I have not posted to this blog as much as I have in the past. I am on sabbatical, working on a history of the Onondaga Nation that I began long ago. I won’t finish it during the semester I have off–it is just too big a project–but I hope to make some substantial progress.
I have been working my way through the Jesuit Relations, the annual writings of the French priests who began ministering to the Haudenosaunee in the middle of the seventeenth century. The first Jesuits arrived at Onondaga, at the very center of the Iroquois League, in 1654. They remained even after many of the converts left for mission settlements in the St. Lawrence Valley. After most of the devoted left, Father Jean de Lamberville found himself facing the Onondagas’ “ill humor and savage whims,” as well as their outright rejection. “The chief fruit that I have gathered,” he wrote, “has been among the dying.” Mostly, he baptized dying children. “This is the most certain fruit we gather in this country,” he wrote, “where it is desirable that the children should die before obtaining the use of their reason.” It is a constant theme in Lamberville’s writings. “The Church of Onnontague,” he wrote, “has been blessedly diminished this year by the death of some Christians who have gone to increase the number of the blessed.” Because of his medical skills, Lamberville often was granted access to the sick. Few of these “escape who are not baptized before they die.”

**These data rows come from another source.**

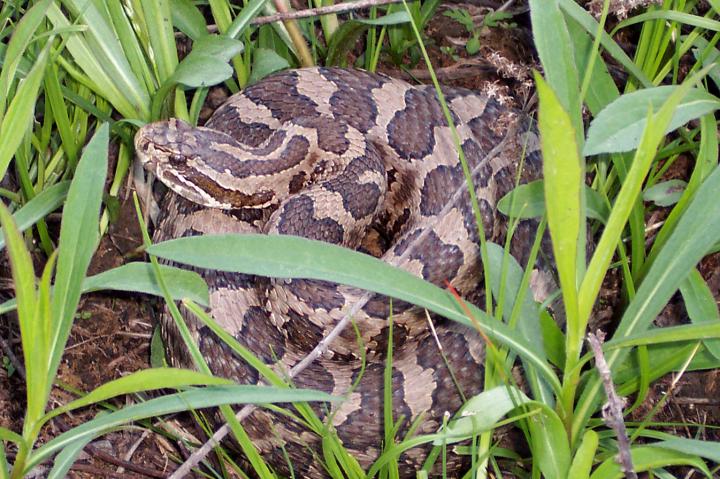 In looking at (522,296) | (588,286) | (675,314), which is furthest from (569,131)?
(675,314)

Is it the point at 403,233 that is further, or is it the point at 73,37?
the point at 403,233

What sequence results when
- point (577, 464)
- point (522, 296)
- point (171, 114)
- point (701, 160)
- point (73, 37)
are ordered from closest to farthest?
point (577, 464)
point (522, 296)
point (701, 160)
point (73, 37)
point (171, 114)

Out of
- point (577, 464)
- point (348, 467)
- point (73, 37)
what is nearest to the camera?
point (577, 464)

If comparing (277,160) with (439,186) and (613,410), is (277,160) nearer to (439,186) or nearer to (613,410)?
(439,186)

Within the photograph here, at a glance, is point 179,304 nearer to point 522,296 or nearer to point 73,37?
point 73,37

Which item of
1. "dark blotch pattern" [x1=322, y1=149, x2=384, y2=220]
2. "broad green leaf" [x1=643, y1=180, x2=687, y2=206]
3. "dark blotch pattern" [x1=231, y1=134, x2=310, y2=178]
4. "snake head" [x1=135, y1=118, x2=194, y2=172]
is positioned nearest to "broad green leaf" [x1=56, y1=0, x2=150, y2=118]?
"snake head" [x1=135, y1=118, x2=194, y2=172]

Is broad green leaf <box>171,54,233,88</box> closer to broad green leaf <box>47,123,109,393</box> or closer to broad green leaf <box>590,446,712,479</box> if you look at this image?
broad green leaf <box>47,123,109,393</box>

Lamberville baptized thirty-nine Onondagas in 1671, “twenty of them entering, soon after, into the possession of glory.” Of the twenty-seven people he baptized in 1672, “They all died, with the exception of three.” In 1673, he baptized eight “aged persons,” all but one of whom died. In a letter to his superiors written in June 1676, Lamberville reported that he recently had baptized forty-five children, “forty of whom are before God.” He admired, he wrote, the ways God adopted “for the salvation of his elect,” as he presided over a church composed of dead children.
We are facing a national crisis in history education, as Republican lawmakers across the country rush to downplay the Holocaust, erase slavery, deny the diversity of this country’s many stories, and proscribe the teaching of ideas they find suspect. History can be difficult work at times, carried on in defiance of those frightened men and women who worry that a frank discussion of our nation’s sins may not lead to forgiveness. And at times, writing history can be emotionally exhausting.